Well, Windows 8 was as much a mistake as a hint at the future of computing. Microsoft saw the iPad introduction and completely freaked out. It realized Apple had a superior approach to tablets (until then, Microsoft's strategy was "throw a pen at a desktop OS and hope that people like it") and designed the main Windows interface around the assumption that everyone would be using tablets or touchscreen PCs within a few years. The problem, of course, was that it ignored a basic truth which Apple already understood: that people still tend to prefer keyboards, mice and trackpads when they're at a desk. Touchscreens are playing an important role, but you shouldn't force everyone to use the same basic interface regardless of the device.

Thankfully, Windows 10 seems to be a return to good sense. Give people the best interface for the input methods they're using. I don't know that it'll stop the decline of the Windows PC, but it at least won't trigger the backlash that 8 did.

I partly agree on websites. You should make them mobile-friendly, but not to the point where you're seriously limiting what desktop visitors will see.

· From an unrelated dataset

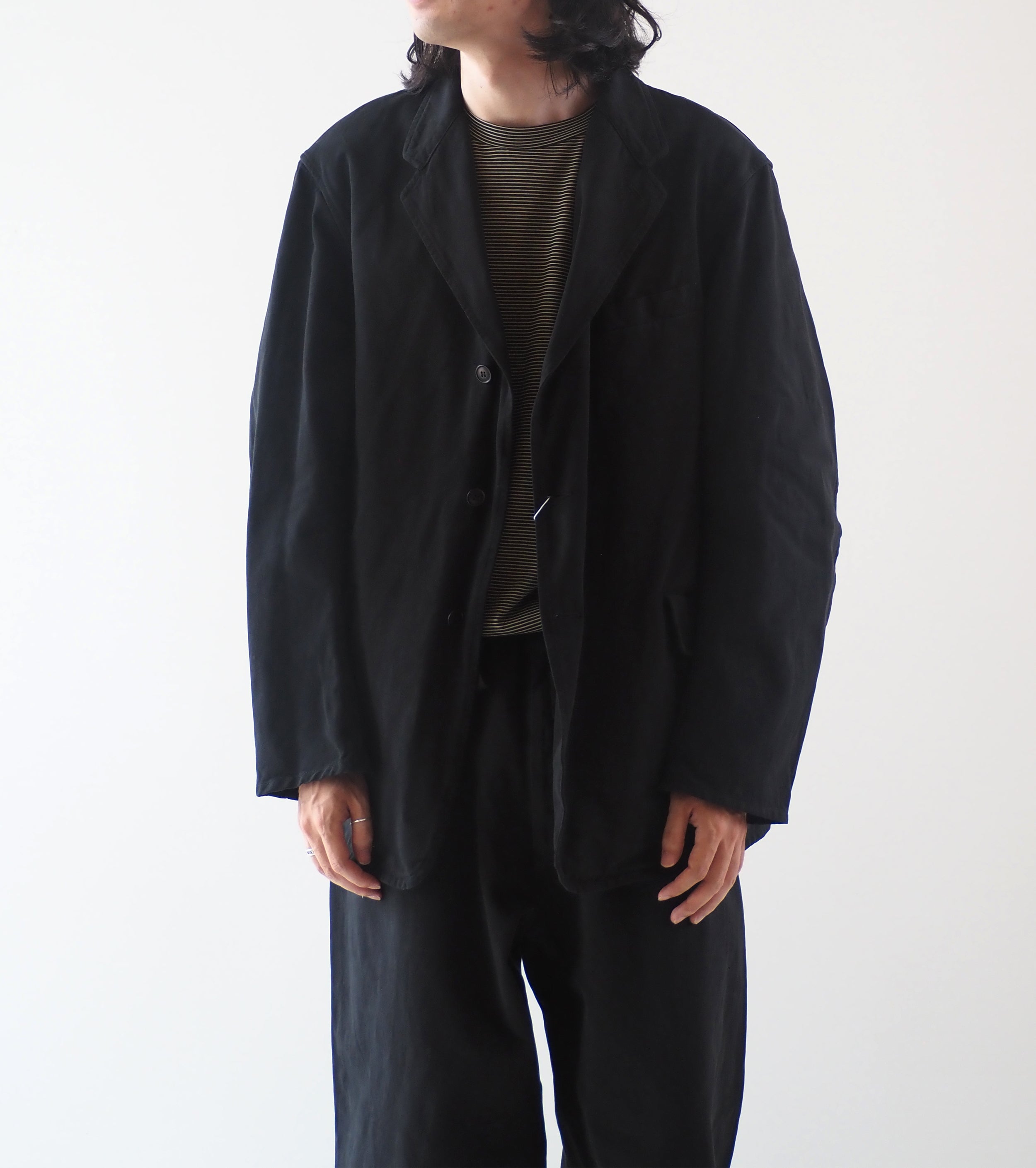 COMOLI Product Dyed Jacket,Black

The ideal is a responsive site that always shows as much information as a device allows.
 
I hate all of these websites going for a mobile lay out, a site i use here in Costa Rica for news is a prefect example of so much wasted space and even then it is a POOR mobile layout as well

http://www.ticotimes.net/
 
In fairness...CNNs website has been shit for a while, like their TV channel
 
Blame bad web developers. A properly designed web site should be usable across all devices. I've come across sites with drop down menus designed for mouse that doesn't do anything with touch.

Hate it all you want but desktops, clam shell laptops and relic iPad type tablets are taking a back seat to hybrids like Surface Pros, Helix, etc. I see a lot of people dumping Macbook Air and iPad combo for single hybrid that does more.
 
Care to back up those unfounded anecdotes with hard evidence? Oh, right, there isn't any!

Meanwhile, IDC estimates show that Apple climbed to become the fifth largest PC maker in Q3 (Q4 data isn't out yet), even when it lowballed Apple's official figures by half a million; Gartner uses different methodology that had Apple move up to 6th. The Windows PC market is continuing to contract as it has since 2012. If your friends are replacing their MacBook Airs and iPads with hybrid PCs, they don't reflect the overall trend. People are more often delaying Windows PC upgrades (in some cases because they bought mobile OS tablets), ditching PCs for mobile devices, or switching to Macs.

Look, as much as you might want to imagine that the Glorious Divine Windows Monopoly is coming back and that everything non-Microsoft will go away, that's the opposite of what's happening. You have to get used to a world where mobile OS devices and Macs are not only here to stay, but represent a growing influence.